◆ Exercise details: Without the pictures, output the records below exactly as they are.

** Opening Data shown block **

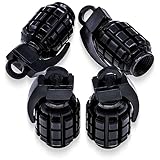 MEAJOO 4 PCS Chrome Grenade Tire Valve Stem Caps, Stainless Steel Tire Valve Caps Wheel Valve Caps for Cars,Trucks, SUV, Motorcycles, Bicycles (Blcak)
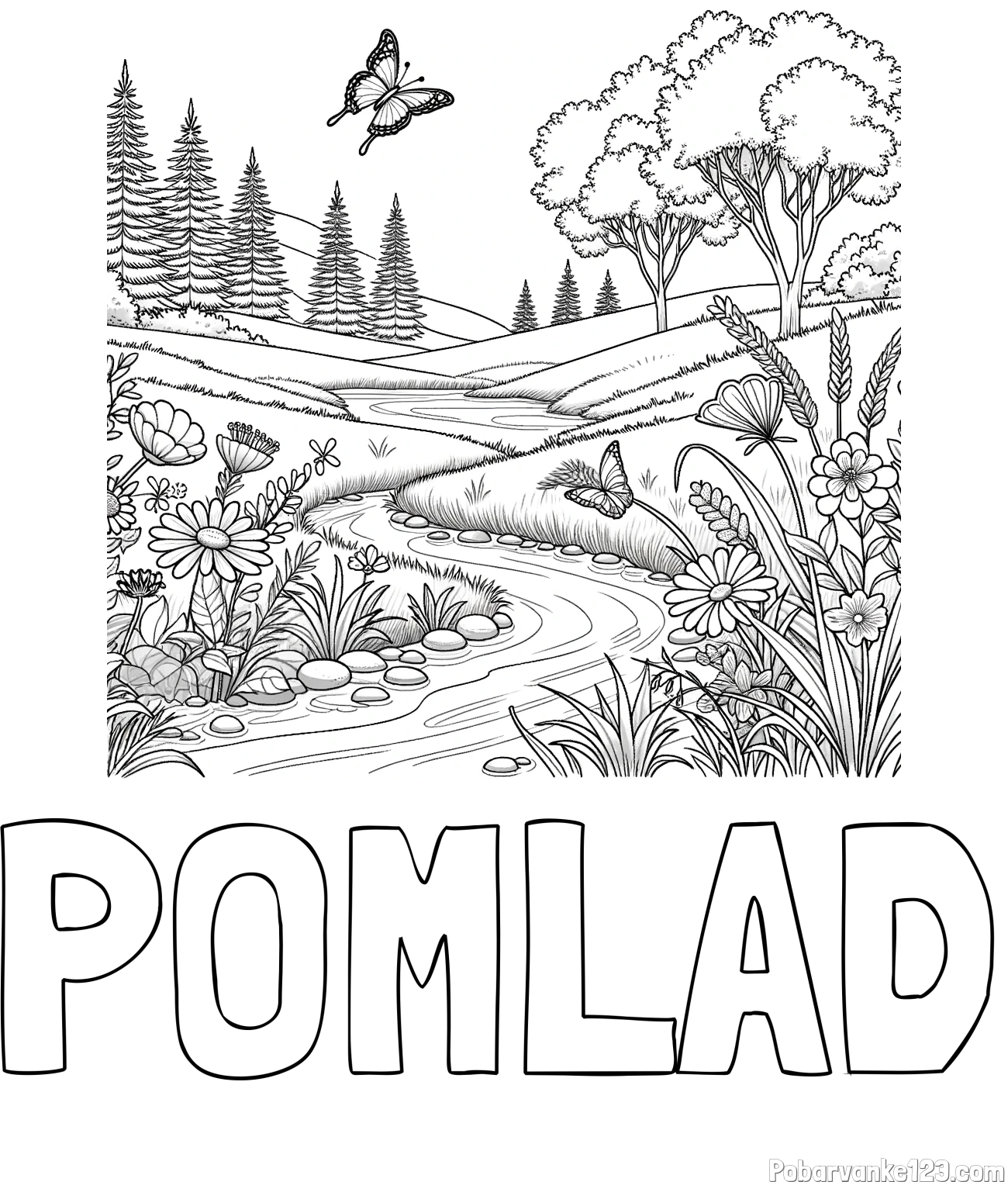 Pobarvanka imena POMLAD in pobarvanka cvetoče narave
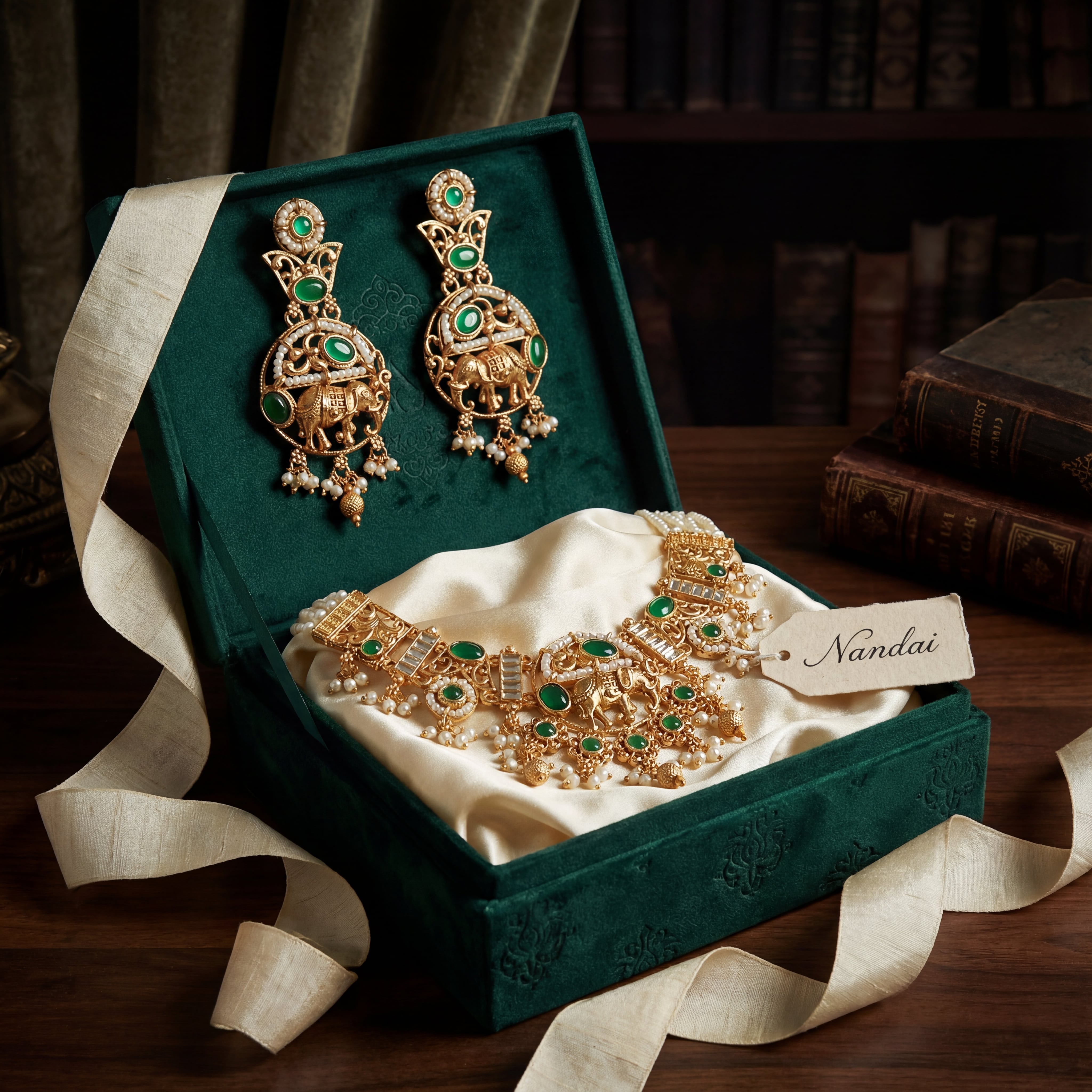 Elephant Necklace Set | Rajputi Luxury Rajwadi Wedding Jewelry - nandai.store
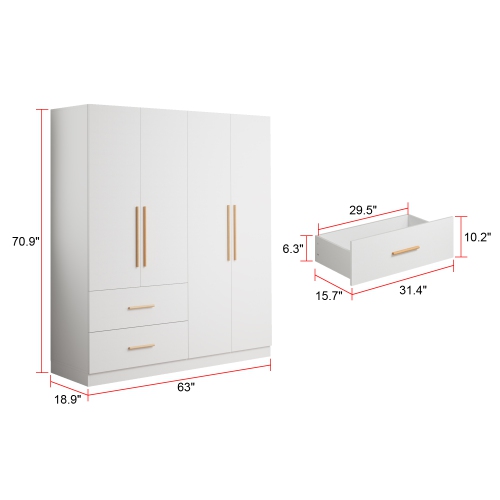 Famapy Multi-Functional Wardrobe Armoire with Hanging Rod, Shelves, and Two Large Drawers for Organized Bedroom Storage White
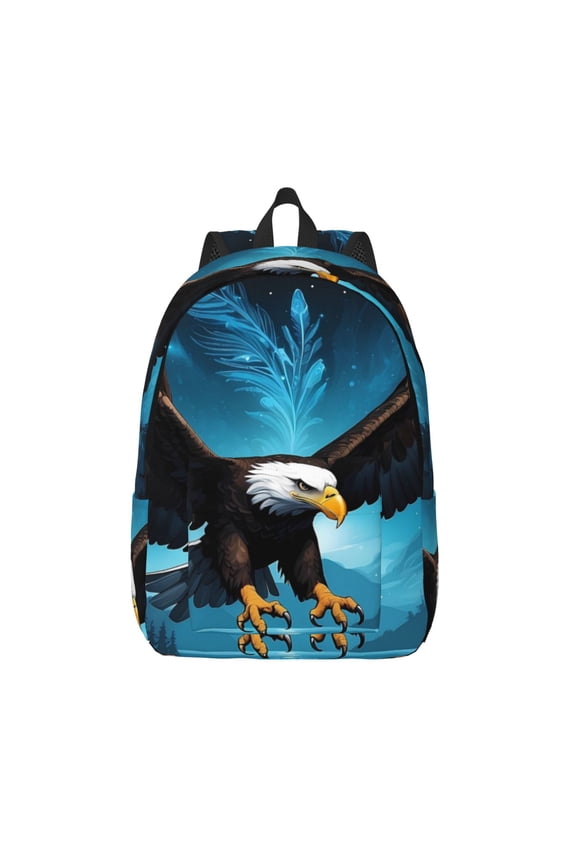 Night Sky Forest Bald Eagle for Canvas Backpack,Travel Rucksack Unisex Knapsack Laptop Backpack for Work & College -Medium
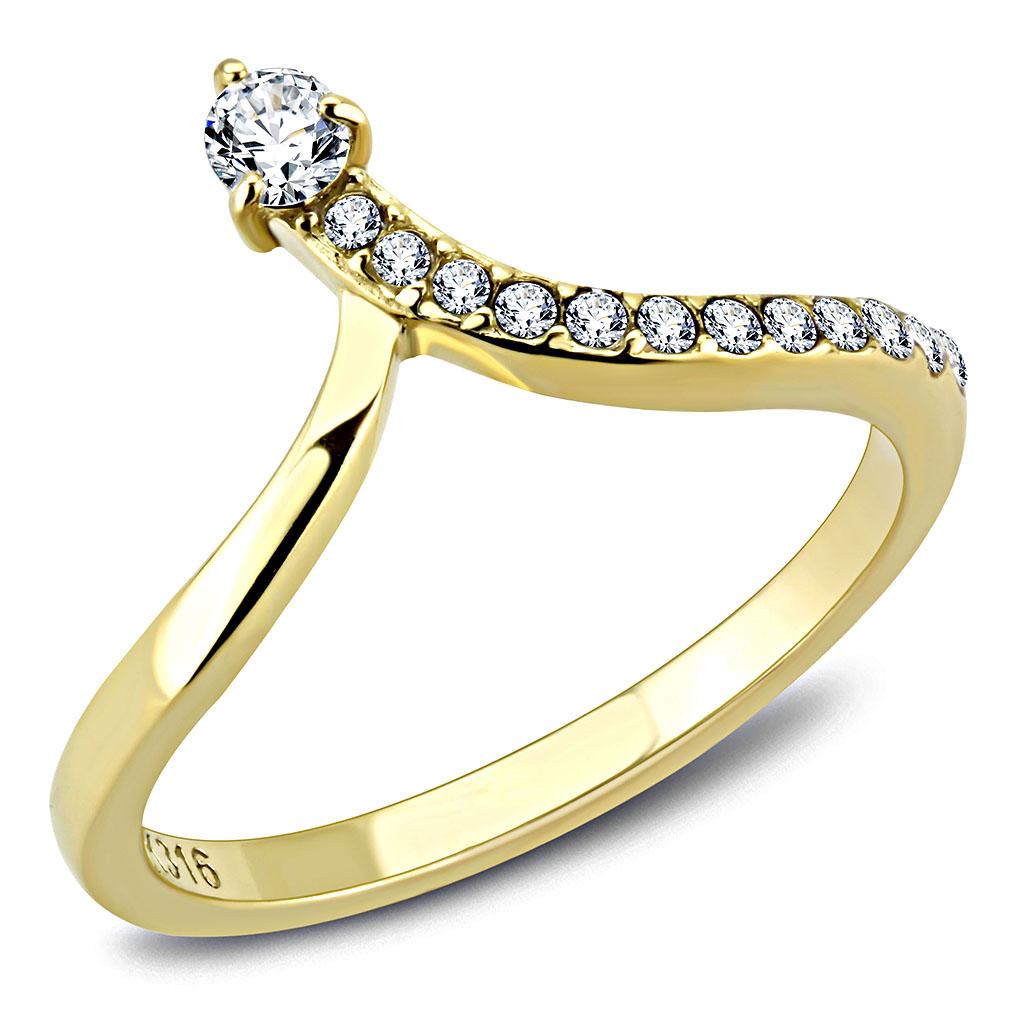 TK3524 - IP Gold(Ion Plating) Stainless Steel Ring with AAA Grade CZ  in Clear-0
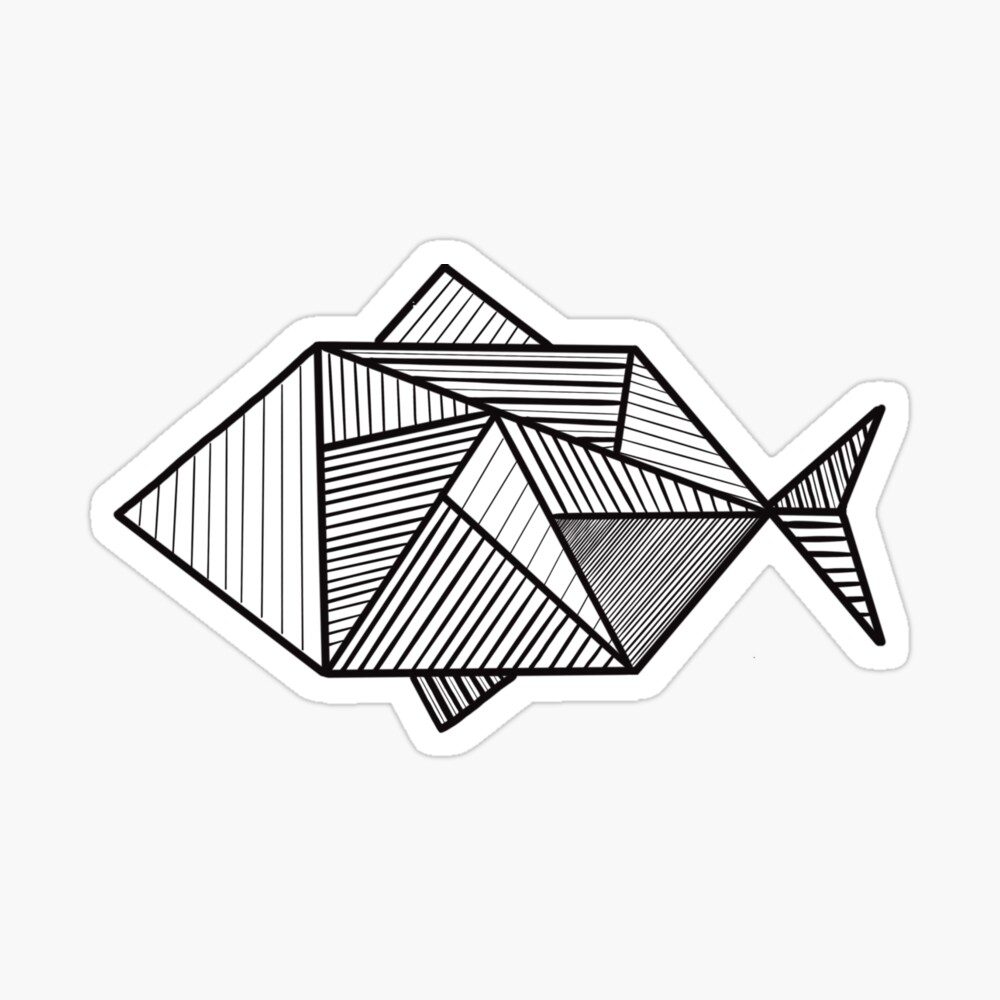Geometric fish Art Board Print for Sale by apis-florea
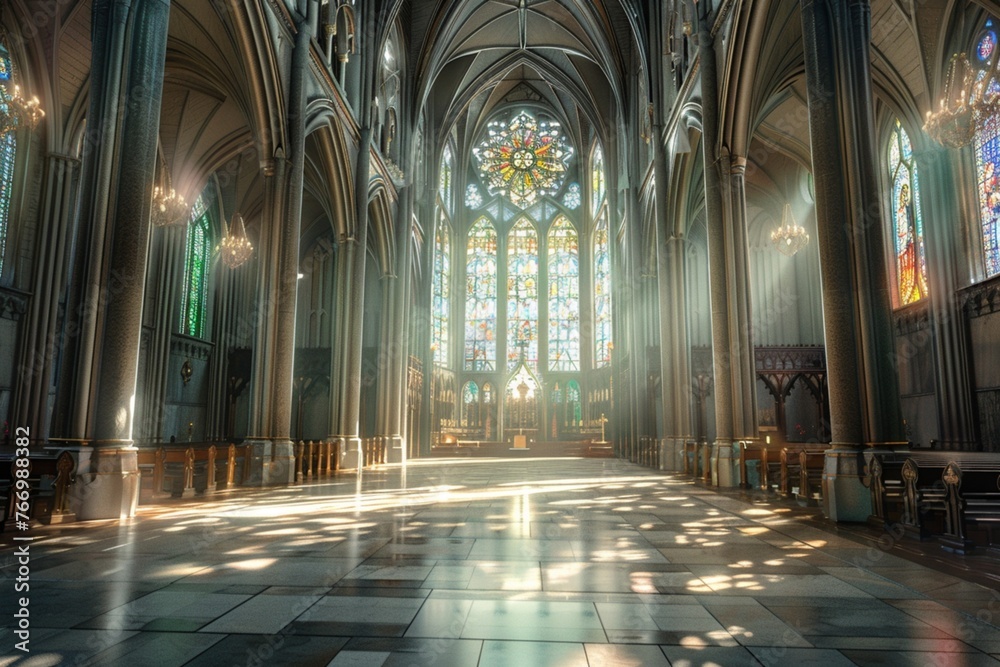 A grand cathedral with intricate architecture and stained glass windows, 8k, realistic, full ultra HD, high resolution, cinematic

** Closing Data shown block **

◆ Response:
 MEAJOO 4 PCS Chrome Grenade Tire Valve Stem Caps, Stainless Steel Tire Valve Caps Wheel Valve Caps for Cars,Trucks, SUV, Motorcycles, Bicycles (Blcak)
 Pobarvanka imena POMLAD in pobarvanka cvetoče narave
 Elephant Necklace Set | Rajputi Luxury Rajwadi Wedding Jewelry - nandai.store
 Famapy Multi-Functional Wardrobe Armoire with Hanging Rod, Shelves, and Two Large Drawers for Organized Bedroom Storage White
 Night Sky Forest Bald Eagle for Canvas Backpack,Travel Rucksack Unisex Knapsack Laptop Backpack for Work & College -Medium
 TK3524 - IP Gold(Ion Plating) Stainless Steel Ring with AAA Grade CZ  in Clear-0
Geometric fish Art Board Print for Sale by apis-florea
 A grand cathedral with intricate architecture and stained glass windows, 8k, realistic, full ultra HD, high resolution, cinematic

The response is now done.